======== Data for processing
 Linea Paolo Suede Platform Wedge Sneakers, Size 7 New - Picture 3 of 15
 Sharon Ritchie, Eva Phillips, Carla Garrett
================
======== Data for processing
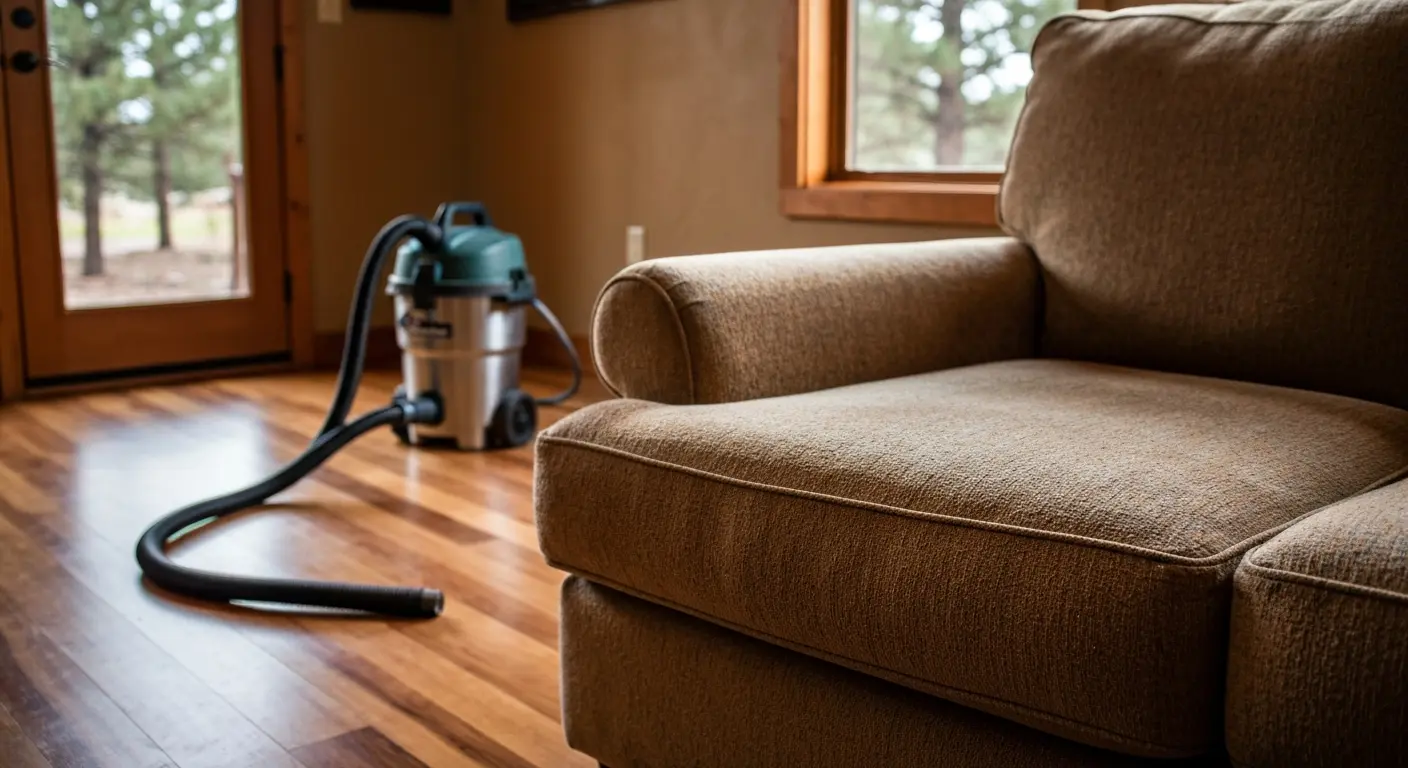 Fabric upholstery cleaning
================
Give the exact lines, and only those, from the line containing "Linea Paolo Suede" through the line containing "Sharon Ritchie, Eva Phillips, Carla Garrett" in the entries above.

→ **Task response**:
 Linea Paolo Suede Platform Wedge Sneakers, Size 7 New - Picture 3 of 15
 Sharon Ritchie, Eva Phillips, Carla Garrett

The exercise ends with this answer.